Each record below needs to be reproduced precisely, though not its pictures.

========================

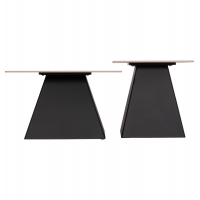 ΣΕΤ 2 ΤΡΑΠΕΖΙΑ ΣΑΛΟΝΙΟΥ QUBER(X) HM18311.02 SINTERED STONE ΤΕΤΡΑΓΩΝΟ--ΒΑΣΕΙΣ ΜΑΥΡΕΣ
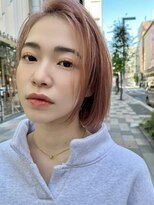 ミンクス ギンザ セントラル(MINX ginza central)&nbsp;カラーで映える耳掛けボブ20代30代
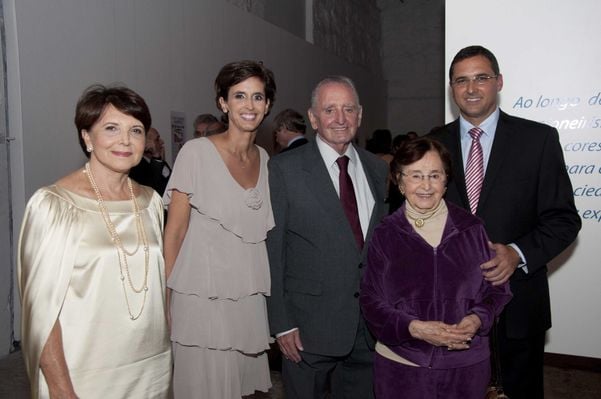 Maria Alice, Letícia, Carie, Maria Antonieta e Carlos Fernando Monteiro Lindenberg Neto Diretor-Geral da Rede Gazeta por  Mônica Zorzanelli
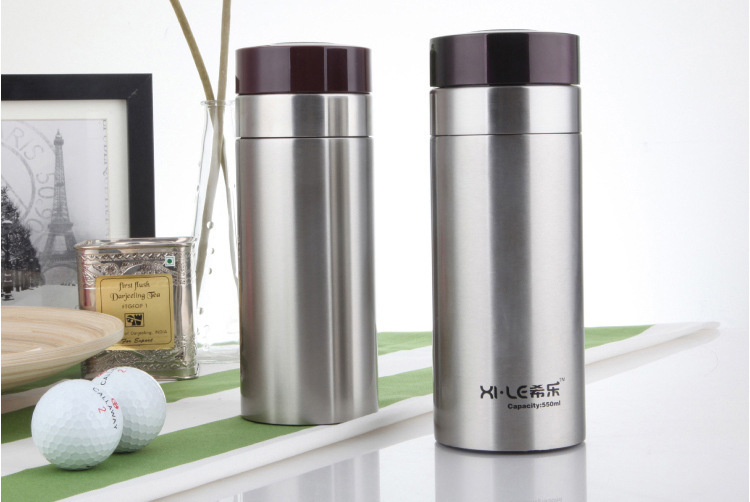 希乐xs-400-3 400ml 保温杯 不锈钢真空杯带滤网泡茶杯办公杯子图片_5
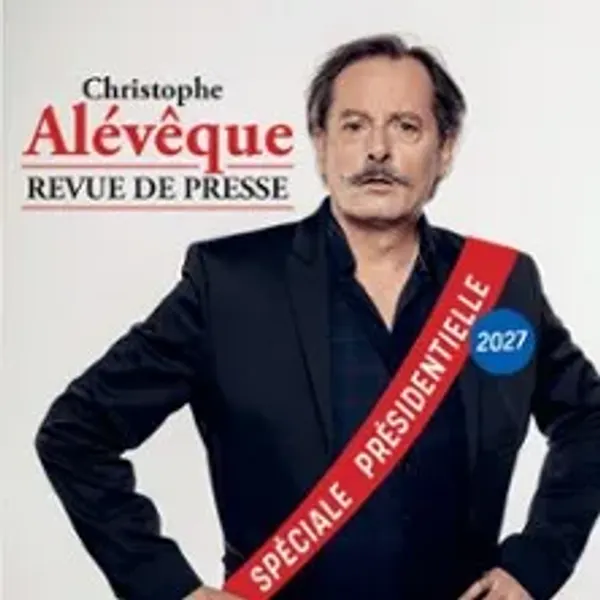 Affiche de l'événement Christophe Alévêque - Revue de Presse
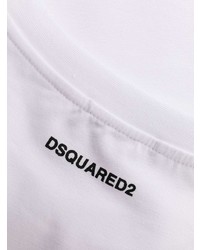 weißes T-Shirt mit einem Rundhalsausschnitt von DSQUARED2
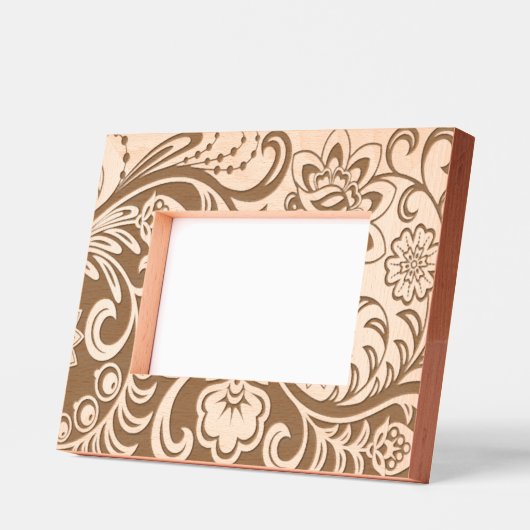 Elegantes Blumendesign Geätzte Rahmen (Links)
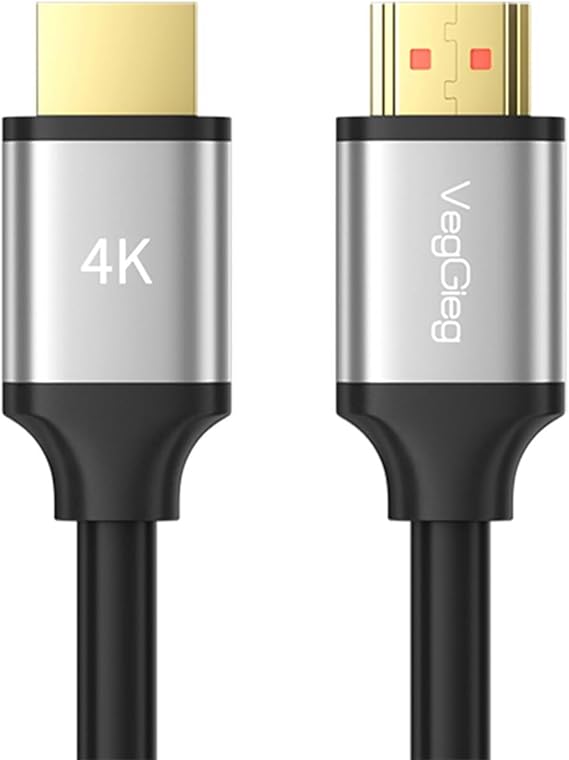 VegGieg 4K 60Hz 18Gbps HDR ARC HDCP HDMI 2.0 Cable 3 Meters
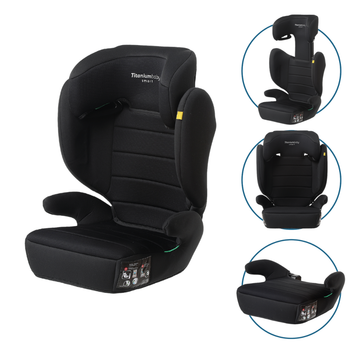 Autostoel Titanium Baby Smart Lucky 100 - 150 CM I-Size Gordel All Black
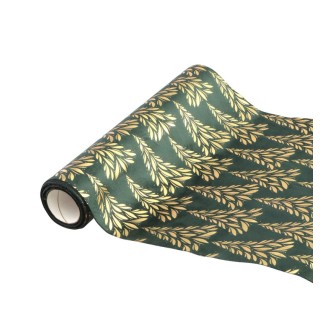 Chemin de table velours vert tree symphony 28CMSX3M - chemin de table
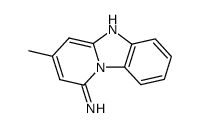 Pyrido[1,2-a]benzimidazol-1(5H)-imine, 3-methyl- (9CI) Structure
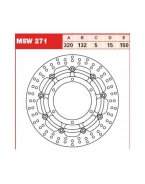 Disc frana fata TRW MSW271 - YAMAHA XT 660X '04-'16 (320X132X5MM) | MSW271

========================

# [Solution to the problem]
 ΣΕΤ 2 ΤΡΑΠΕΖΙΑ ΣΑΛΟΝΙΟΥ QUBER(X) HM18311.02 SINTERED STONE ΤΕΤΡΑΓΩΝΟ--ΒΑΣΕΙΣ ΜΑΥΡΕΣ
 ミンクス ギンザ セントラル(MINX ginza central)&nbsp;カラーで映える耳掛けボブ20代30代
 Maria Alice, Letícia, Carie, Maria Antonieta e Carlos Fernando Monteiro Lindenberg Neto Diretor-Geral da Rede Gazeta por  Mônica Zorzanelli
 希乐xs-400-3 400ml 保温杯 不锈钢真空杯带滤网泡茶杯办公杯子图片_5
 Affiche de l'événement Christophe Alévêque - Revue de Presse
 weißes T-Shirt mit einem Rundhalsausschnitt von DSQUARED2
 Elegantes Blumendesign Geätzte Rahmen (Links)
 VegGieg 4K 60Hz 18Gbps HDR ARC HDCP HDMI 2.0 Cable 3 Meters
 Autostoel Titanium Baby Smart Lucky 100 - 150 CM I-Size Gordel All Black
 Chemin de table velours vert tree symphony 28CMSX3M - chemin de table
 Pyrido[1,2-a]benzimidazol-1(5H)-imine, 3-methyl- (9CI) Structure
 Disc frana fata TRW MSW271 - YAMAHA XT 660X '04-'16 (320X132X5MM) | MSW271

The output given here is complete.